Affinity-enhanced protein partitioning in decyl beta-D-glucopyranoside two-phase aqueous micellar systems.

Biotechnology and bioengineering (2005-01-12)
Henry Lam, Mojgan Kavoosi, Charles A Haynes, Daniel I C Wang, Daniel Blankschtein
摘要

Liquid-liquid extraction in two-phase aqueous complex-fluid systems has been proposed as a scalable, versatile, and cost-effective purification method for the downstream processing of biotechnological products. In the case of two-phase aqueous micellar systems, careful choices of the phase-forming surfactants or surfactant mixtures allow these systems to separate biomolecules based on size, hydrophobicity, charge, or specific affinity. In this article, we investigate the affinity-enhanced partitioning of a model affinity-tagged protei--green fluorescent protein fused to a family 9 carbohydrate-binding module (CBM9-GFP)--in a two-phase aqueous micellar system generated from the nonionic surfactant n-decyl beta-D-glucopyranoside (C10G1), which acts simultaneously as the phase-former and the affinity ligand. In this simple system, CBM9-GFP was extracted preferentially into the micelle-rich phase, despite the opposing tendency of the steric, excluded-volume interactions operating between the protein and the micelles. We obtained more than a sixfold increase (from 0.47 to 3.1) in the protein partition coefficient (Kp), as compared to a control case where the affinity interactions were "turned off" by the addition of a competitive inhibitor (glucose).
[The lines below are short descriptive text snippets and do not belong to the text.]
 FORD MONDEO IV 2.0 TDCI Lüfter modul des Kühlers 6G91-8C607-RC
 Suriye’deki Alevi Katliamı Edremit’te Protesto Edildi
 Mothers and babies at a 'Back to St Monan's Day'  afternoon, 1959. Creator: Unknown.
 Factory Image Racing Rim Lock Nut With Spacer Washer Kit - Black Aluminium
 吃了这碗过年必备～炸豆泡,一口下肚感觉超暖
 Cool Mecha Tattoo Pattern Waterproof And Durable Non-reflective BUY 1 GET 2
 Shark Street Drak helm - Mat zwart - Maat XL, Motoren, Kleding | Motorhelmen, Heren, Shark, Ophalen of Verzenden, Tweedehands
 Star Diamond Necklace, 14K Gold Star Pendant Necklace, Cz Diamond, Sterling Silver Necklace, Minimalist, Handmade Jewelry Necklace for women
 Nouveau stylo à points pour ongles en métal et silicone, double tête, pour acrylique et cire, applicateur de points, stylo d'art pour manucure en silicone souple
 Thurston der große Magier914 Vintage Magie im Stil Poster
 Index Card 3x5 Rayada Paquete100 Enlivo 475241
It was demonstrated conclusively that the observed increase in Kp can be attributed to the specific affinity between the CBM9 domain and the affinity surfactant C10G1, suggesting that the method can be generally applied to any CBM9-tagged protein. To rationalize the observed phenomenon of affinity-enhanced partitioning in two-phase aqueous micellar systems, we formulated a theoretical framework to model the protein partition coefficient. The modeling approach accounts for both the excluded-volume interactions and the affinity interactions between the protein and the surfactants, and considers the contributions from the monomeric and the micellar surfactants separately. The model was shown to be consistent with the experimental data, as well as with our current understanding of the CBM9 domain.